> [What the task requires]: No pictures should be carried over. Output all other parts of the entries verbatim.

> [Short descriptive text snippets]:
● ● ●
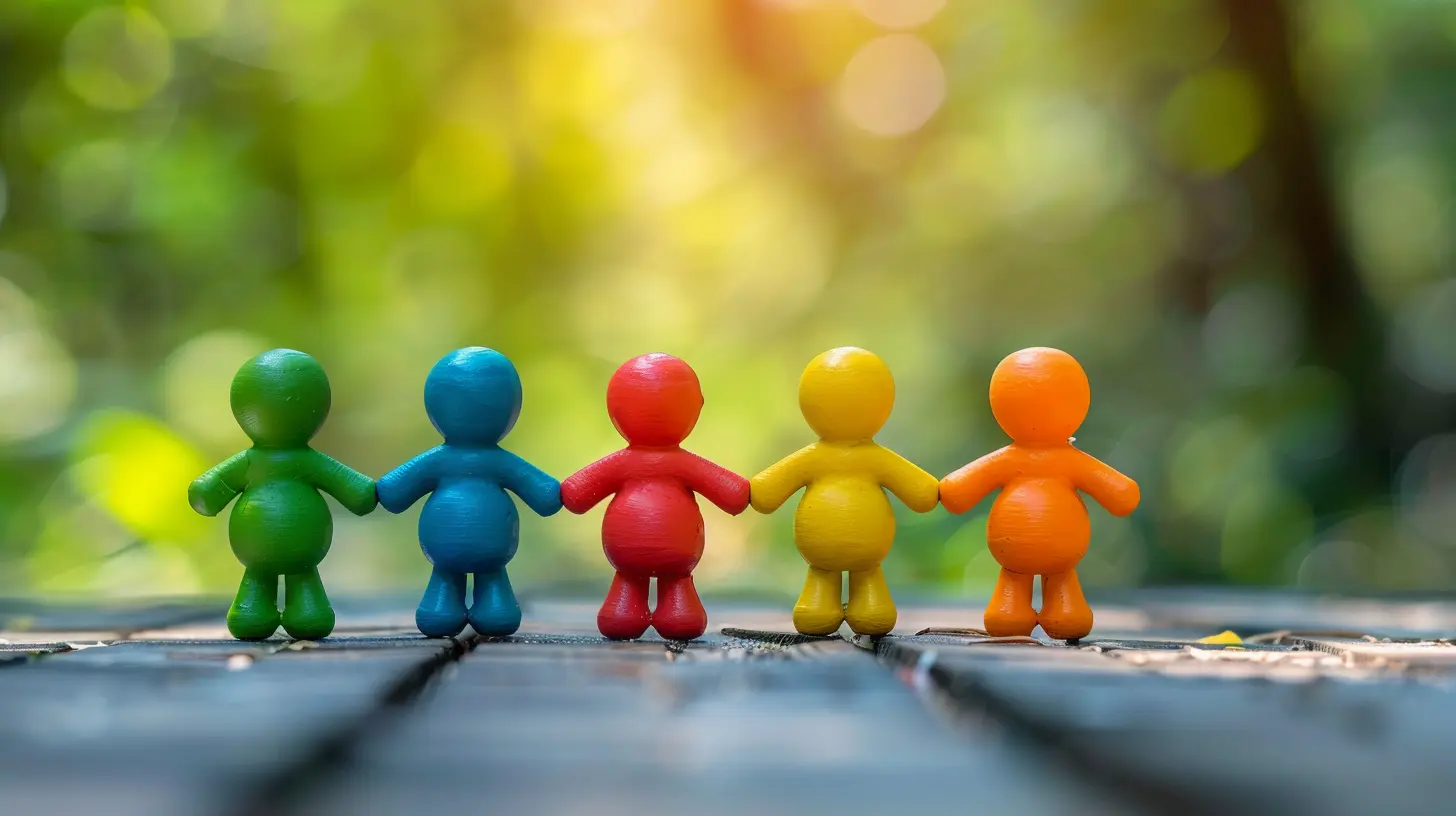 Creative Weekend Activities to Strengthen Family Bonds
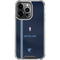 NBA Memphis Grizzlies Jersey iPhone 15 Pro Max Clear Case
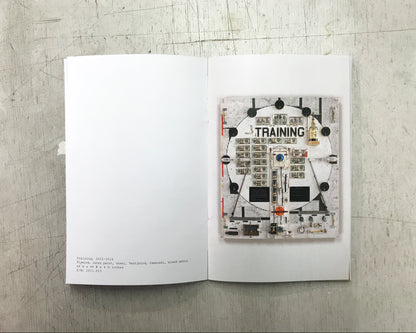 Heidi & The Pack Zine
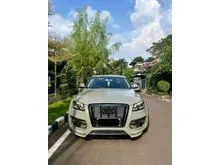 2011 Audi Q5 TFSI SUV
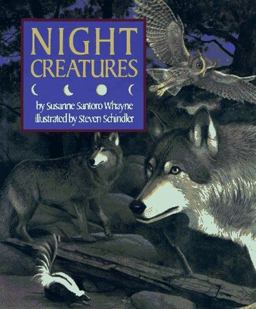 Night Creatures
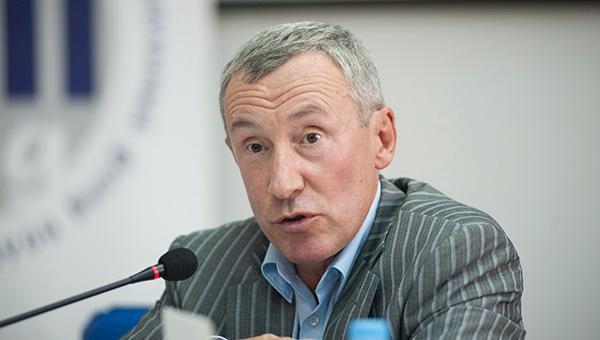 Андрей Климов. Фото с сайта newsko.ru Андрей Климов. Фото с сайта newsko.ru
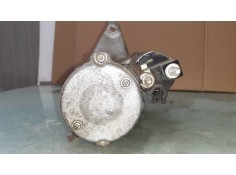 Recambio de motor arranque para toyota yaris live referencia OEM IAM 281000N040 MS4280006190 DENSO 2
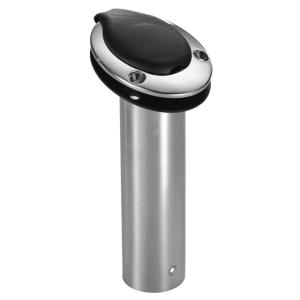 Attwood Marine Standard Series Rod Holder - 15 - Black Insert, 66363-7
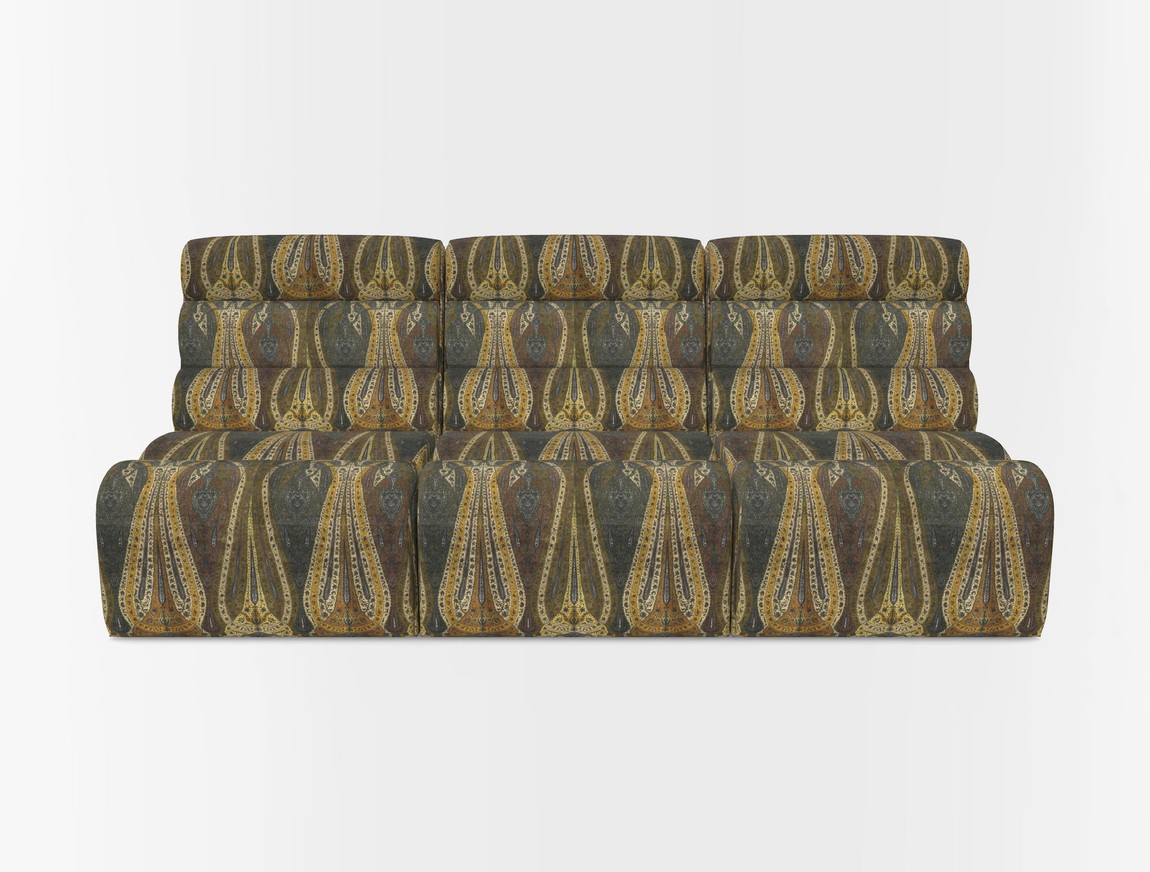 Bespoke 3 Seater Sofas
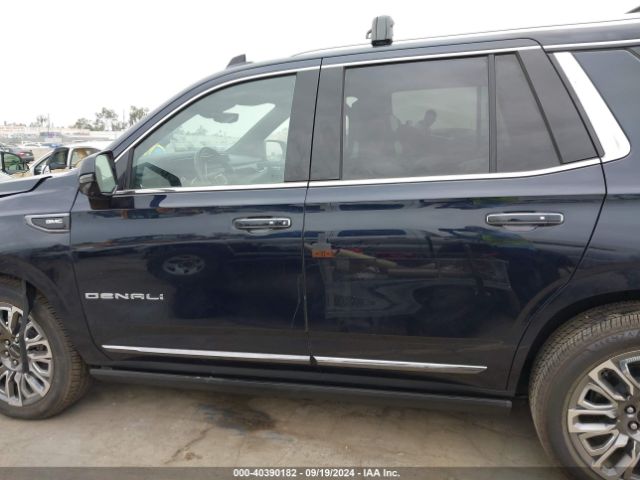 1GKS2EKL8PR522280 GMC Yukon 4wd Denali Ultimate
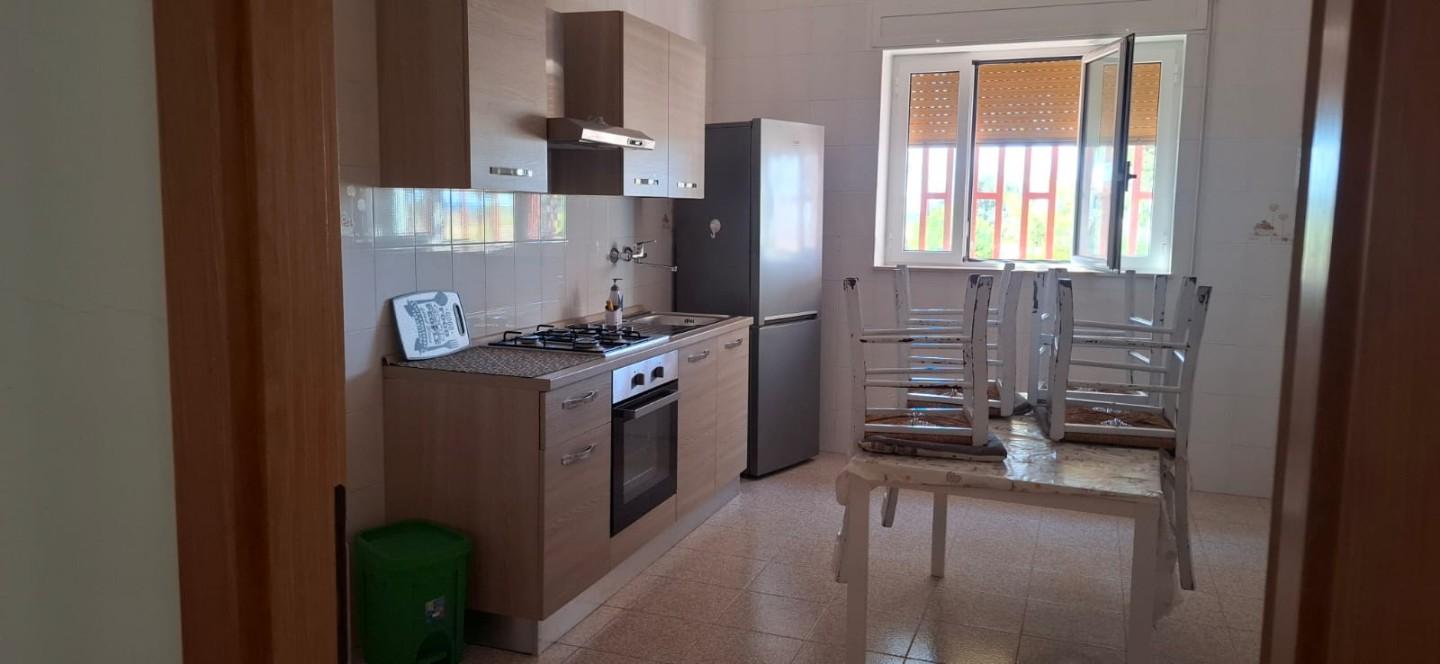 casa indipendente in vendita a Taranto in zona Solito-Corvisea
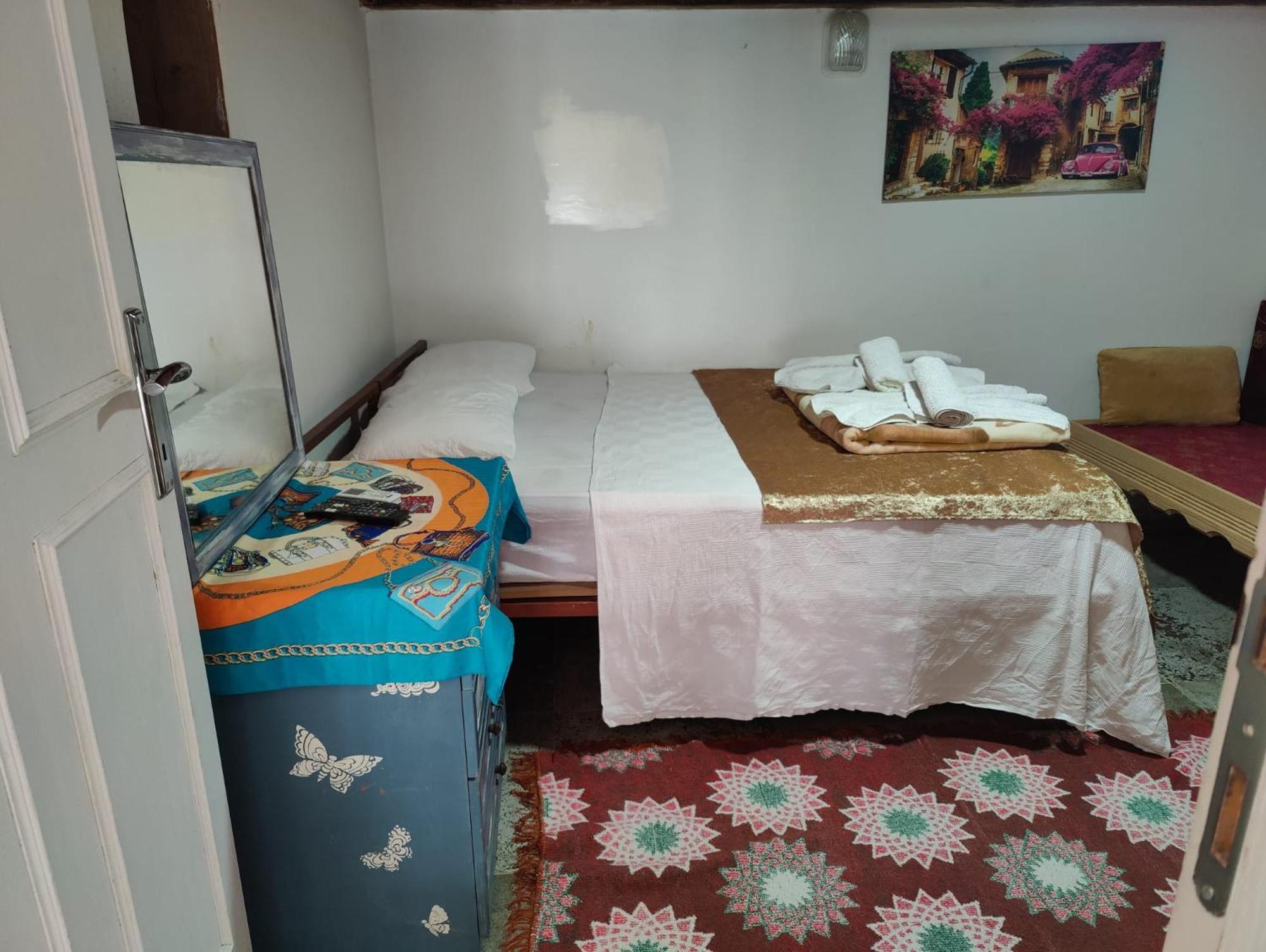 Privatunterkunft Sefin Villasi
● ● ●
> [Reply]:
 Creative Weekend Activities to Strengthen Family Bonds
 NBA Memphis Grizzlies Jersey iPhone 15 Pro Max Clear Case
 Heidi & The Pack Zine
 2011 Audi Q5 TFSI SUV
 Night Creatures
 Андрей Климов. Фото с сайта newsko.ru Андрей Климов. Фото с сайта newsko.ru
 Recambio de motor arranque para toyota yaris live referencia OEM IAM 281000N040 MS4280006190 DENSO 2
 Attwood Marine Standard Series Rod Holder - 15 - Black Insert, 66363-7
 Bespoke 3 Seater Sofas
 1GKS2EKL8PR522280 GMC Yukon 4wd Denali Ultimate
 casa indipendente in vendita a Taranto in zona Solito-Corvisea
 Privatunterkunft Sefin Villasi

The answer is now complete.